W 2020 roku PKB Polski skurczy się o 4,6 proc. – wynika z przedstawionych we wtorek letnich prognoz gospodarczych KE. Choć spadek dynamiki będzie nieco większy niż analitycy z Brukseli przewidywali wiosną, to recesja w Polsce ma być najpłytsza w całej UE.
W maju Komisja Europejska prognozowała, że w tym roku gospodarka Polski zmniejszy się o 4,3 proc. Teraz prognozy mówią o spadku o 0,3 punktu procentowego większym. Jednak w porównaniu do innych krajów sytuacja ekonomiczna nad Wisłą ma być względnie dobra.

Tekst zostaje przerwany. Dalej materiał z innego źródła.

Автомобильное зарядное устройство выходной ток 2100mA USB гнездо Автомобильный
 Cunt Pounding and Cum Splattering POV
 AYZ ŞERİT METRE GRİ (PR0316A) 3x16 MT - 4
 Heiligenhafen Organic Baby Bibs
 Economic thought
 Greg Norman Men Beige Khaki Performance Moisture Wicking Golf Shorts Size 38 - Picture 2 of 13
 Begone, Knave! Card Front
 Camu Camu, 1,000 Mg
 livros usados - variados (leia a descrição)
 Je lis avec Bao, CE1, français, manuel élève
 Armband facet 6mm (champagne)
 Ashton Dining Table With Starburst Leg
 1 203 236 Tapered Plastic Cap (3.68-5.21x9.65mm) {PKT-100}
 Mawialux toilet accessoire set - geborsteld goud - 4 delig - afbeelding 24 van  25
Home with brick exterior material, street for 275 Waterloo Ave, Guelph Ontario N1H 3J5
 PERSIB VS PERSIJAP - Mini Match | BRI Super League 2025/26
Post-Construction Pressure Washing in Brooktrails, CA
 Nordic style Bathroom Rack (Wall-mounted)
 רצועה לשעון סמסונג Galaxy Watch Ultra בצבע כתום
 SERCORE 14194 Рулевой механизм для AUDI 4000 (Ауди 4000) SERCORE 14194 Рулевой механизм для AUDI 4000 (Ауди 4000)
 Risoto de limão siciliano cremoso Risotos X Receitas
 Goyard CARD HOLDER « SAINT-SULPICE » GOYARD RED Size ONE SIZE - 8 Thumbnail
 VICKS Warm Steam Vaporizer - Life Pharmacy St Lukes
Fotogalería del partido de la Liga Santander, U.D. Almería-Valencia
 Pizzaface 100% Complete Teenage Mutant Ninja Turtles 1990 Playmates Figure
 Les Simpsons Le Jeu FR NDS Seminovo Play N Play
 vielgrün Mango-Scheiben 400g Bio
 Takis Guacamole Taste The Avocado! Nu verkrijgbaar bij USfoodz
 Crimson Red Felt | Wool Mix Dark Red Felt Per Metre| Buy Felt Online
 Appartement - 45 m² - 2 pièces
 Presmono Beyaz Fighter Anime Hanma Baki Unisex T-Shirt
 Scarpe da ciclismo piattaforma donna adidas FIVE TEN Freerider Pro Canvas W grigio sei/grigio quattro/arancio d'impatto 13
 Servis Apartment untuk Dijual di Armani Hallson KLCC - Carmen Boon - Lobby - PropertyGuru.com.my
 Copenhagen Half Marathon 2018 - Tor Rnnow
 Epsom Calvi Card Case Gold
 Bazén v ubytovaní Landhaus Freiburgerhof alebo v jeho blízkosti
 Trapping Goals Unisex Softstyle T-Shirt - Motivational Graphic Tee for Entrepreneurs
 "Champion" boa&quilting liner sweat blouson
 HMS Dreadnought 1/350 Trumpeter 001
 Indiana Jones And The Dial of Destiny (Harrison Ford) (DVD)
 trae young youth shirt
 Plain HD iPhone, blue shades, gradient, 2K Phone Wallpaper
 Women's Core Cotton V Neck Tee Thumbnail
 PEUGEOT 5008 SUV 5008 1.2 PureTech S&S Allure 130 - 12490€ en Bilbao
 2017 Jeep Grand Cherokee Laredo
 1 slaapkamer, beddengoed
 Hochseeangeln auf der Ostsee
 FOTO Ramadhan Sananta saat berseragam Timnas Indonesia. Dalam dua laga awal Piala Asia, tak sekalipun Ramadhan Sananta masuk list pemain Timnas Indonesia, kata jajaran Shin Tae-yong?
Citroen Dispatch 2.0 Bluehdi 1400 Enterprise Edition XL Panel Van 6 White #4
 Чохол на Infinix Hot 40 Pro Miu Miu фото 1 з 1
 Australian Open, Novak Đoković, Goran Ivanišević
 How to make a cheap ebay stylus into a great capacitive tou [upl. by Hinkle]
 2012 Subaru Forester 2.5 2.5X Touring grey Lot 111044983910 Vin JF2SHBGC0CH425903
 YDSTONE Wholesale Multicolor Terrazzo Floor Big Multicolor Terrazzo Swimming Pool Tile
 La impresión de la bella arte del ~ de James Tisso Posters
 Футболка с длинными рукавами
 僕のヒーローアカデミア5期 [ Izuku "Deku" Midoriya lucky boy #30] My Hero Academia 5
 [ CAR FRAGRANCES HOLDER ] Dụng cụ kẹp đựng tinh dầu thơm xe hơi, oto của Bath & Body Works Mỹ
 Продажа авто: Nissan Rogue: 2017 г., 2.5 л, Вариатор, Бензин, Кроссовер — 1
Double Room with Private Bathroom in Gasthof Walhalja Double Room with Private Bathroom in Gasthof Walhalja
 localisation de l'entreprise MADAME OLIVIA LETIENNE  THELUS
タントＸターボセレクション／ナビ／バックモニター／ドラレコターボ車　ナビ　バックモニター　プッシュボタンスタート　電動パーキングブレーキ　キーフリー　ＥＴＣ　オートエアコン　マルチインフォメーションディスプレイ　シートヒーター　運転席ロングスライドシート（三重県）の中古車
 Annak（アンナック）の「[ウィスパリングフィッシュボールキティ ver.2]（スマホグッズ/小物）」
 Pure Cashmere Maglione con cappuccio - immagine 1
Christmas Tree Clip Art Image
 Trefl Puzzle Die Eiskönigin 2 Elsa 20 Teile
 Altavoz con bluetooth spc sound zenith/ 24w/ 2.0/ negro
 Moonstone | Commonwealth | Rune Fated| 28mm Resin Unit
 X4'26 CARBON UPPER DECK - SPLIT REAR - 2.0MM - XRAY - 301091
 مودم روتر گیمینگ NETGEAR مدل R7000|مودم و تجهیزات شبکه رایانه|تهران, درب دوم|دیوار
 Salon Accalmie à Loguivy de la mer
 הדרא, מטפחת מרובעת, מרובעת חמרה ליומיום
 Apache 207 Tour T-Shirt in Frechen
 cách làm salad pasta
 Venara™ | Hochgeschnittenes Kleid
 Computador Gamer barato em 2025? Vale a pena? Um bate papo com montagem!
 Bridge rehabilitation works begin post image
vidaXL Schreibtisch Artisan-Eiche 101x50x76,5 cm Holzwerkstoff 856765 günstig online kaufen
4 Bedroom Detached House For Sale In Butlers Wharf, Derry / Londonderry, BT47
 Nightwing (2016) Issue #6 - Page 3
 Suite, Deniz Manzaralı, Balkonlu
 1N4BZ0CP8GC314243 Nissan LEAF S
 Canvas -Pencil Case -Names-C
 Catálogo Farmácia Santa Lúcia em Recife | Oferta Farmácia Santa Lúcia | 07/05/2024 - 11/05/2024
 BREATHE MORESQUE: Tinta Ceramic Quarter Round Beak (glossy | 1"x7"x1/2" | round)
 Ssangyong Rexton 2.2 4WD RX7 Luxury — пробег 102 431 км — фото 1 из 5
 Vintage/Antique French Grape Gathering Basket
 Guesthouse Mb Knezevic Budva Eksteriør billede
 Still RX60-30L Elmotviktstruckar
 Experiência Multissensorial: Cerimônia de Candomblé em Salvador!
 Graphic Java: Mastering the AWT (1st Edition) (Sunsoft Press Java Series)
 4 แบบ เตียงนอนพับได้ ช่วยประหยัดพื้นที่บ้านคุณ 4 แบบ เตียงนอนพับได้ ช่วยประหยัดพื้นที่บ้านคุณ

„Polska gospodarka pokazała relatywną odporność w pierwszym kwartale, głównie przez jej niską ekspozycję na sektory dotknięte trudnościami i zróżnicowaną strukturę ekonomiczną”
– czytamy w prognozie.
PKB strefy euro ma w tym roku spaść o 8,7 proc. Tu KE również zrewidowała negatywnie swoje wcześniejsze przewidywania. W maju zakładano, że spadek PKB w eurolandzie wyniesie 7,7 proc.
W przyszłym roku zarówno w Polsce jak i w strefie euro ma nastąpić odbicie. Nie będzie ono jednak na tyle mocne, żeby nadrobić straty z bieżącego roku. W Polsce PKB w 2021 roku ma wzrosnąć o 4,3 proc., natomiast w eurolandzie o 6,1 proc.